一見、関係がなさそうに見える糖尿病とがんですが、実は密接な関連があるのです。

糖尿病でみられる肥満やインスリン抵抗性、高血糖、炎症は発がんと密接に関係し、糖尿病を起こしやすい生活習慣ががんのリスクを高めます。

今回は糖尿病とがんの関連性について詳しく学び、糖尿病とがんのどちらも予防する生活習慣についても一緒に確認していきましょう。

糖尿病ではがんのリスクも高まる

糖尿病の方の場合、日本人の死因第一位であるがんになるリスクが高まると言われています。糖尿病とがんとは全く別物の病気のように思えますが、実は密接に関係しているのです。

特に糖尿病の中でも、主に2型糖尿病ががんの発症に関連しています。

糖尿病があるとリスクの高くなるがんの種類

国内や海外で報告されている研究によると、糖尿病ではがんのリスクが20%程度高いことが言われています。

がんの種類では大腸がん、肝臓がん、膵臓がん、乳がん、子宮内膜がん、膀胱がんが糖尿病との関連があり、リスクが上昇するとされています。

糖尿病の場合にがんになるリスク割合

糖尿病がない人に比べて糖尿病の既往がある日本人では、男性は何らかのがんになるリスクが1.27倍、女性では1.21倍高くなるとの報告があります。

男性では肝臓がん、腎臓がん、膵臓がん、大腸がん、胃がんのリスクが高くなり、女性では肝臓がん、胃がんのリスクが高くなるとされています。また、女性の場合、子宮内膜がん、卵巣がんのリスクが高くなる傾向もみられます。
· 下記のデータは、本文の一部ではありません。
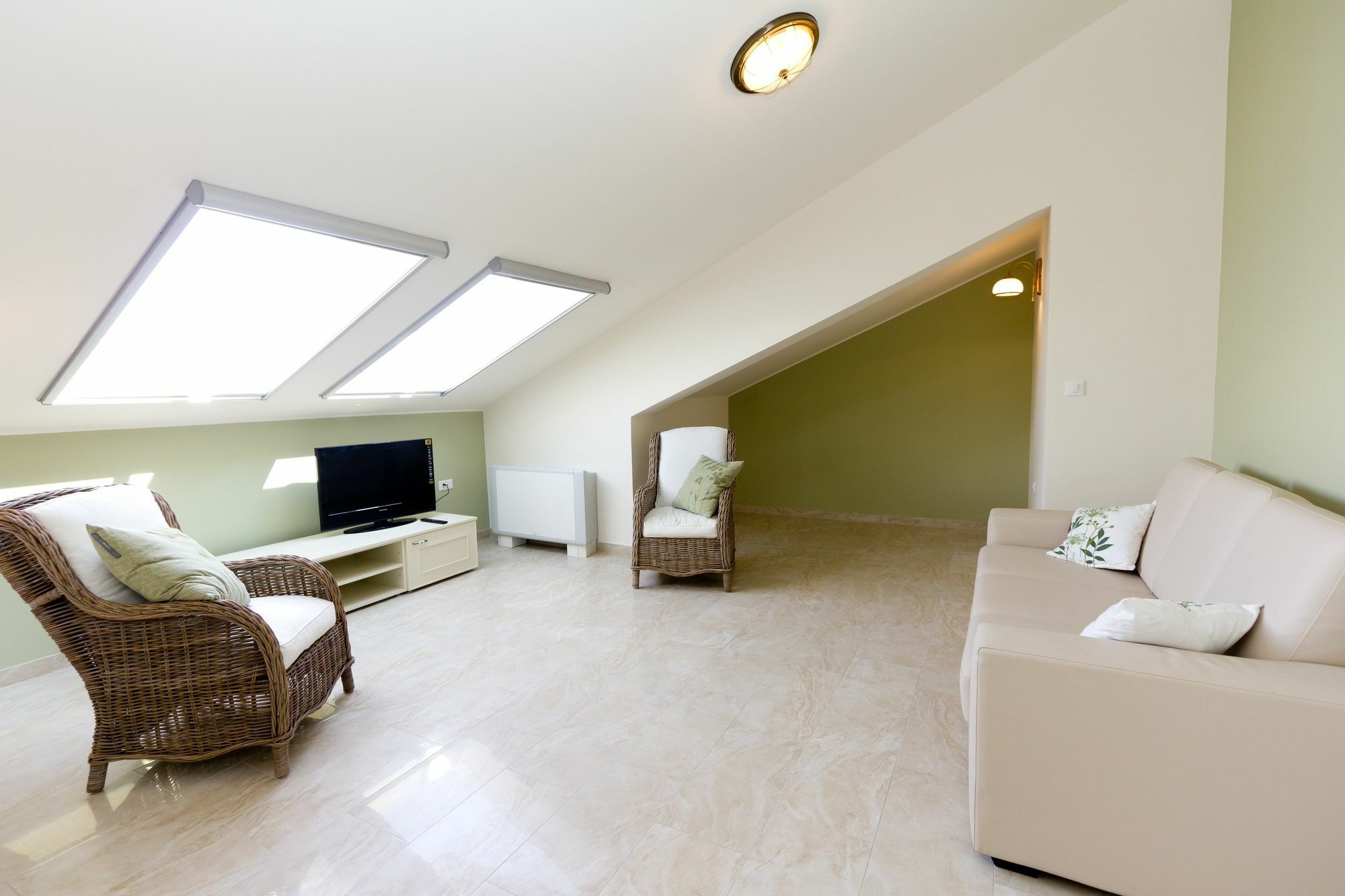 Luxury Apartments Villa Luce Malinska Luaran gambar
リスクが高くなるとされるがんの種類は研究によってバラバラですが、日本人で糖尿病があり、がんになるリスクが高くなると一定の結論を得られているがんの種類は、大腸がん(1.40倍)、肝臓がん(1.97倍)、膵臓がん(1.85倍)です。

男性では胆管がん(1.66倍)においてもリスクが高くなるとされています。他のがんについては一定の結論が得られるに至っていません。
糖尿病とがんの関係
参考文献1:糖尿病と癌に関する委員会報告
参考文献2:糖尿病とがんの関係

糖尿病の場合がんにかかりやすい理由

糖尿病であるとどうしてがんになりやすくなるのでしょうか?その理由はまだはっきりとは分かっていませんが、考えられている理由はいくつかあります。

糖尿病によって「肥満が合併しやすくなること」、「インスリン抵抗性が生じること」、「血糖値が高くなること」、「炎症」が関連して、がんのリスクを高めると言われています。

肥満の合併

2型糖尿病は、食べ過ぎや運動不足、生活習慣によって起こり、肥満が合併することが多くあります。

肥満はがんのリスクを確実に上げ、食道がん、膵臓がん、肝臓がん、大腸がん、閉経後の乳がん、子宮底部がん、腎臓がんのリスクを上げると言われています。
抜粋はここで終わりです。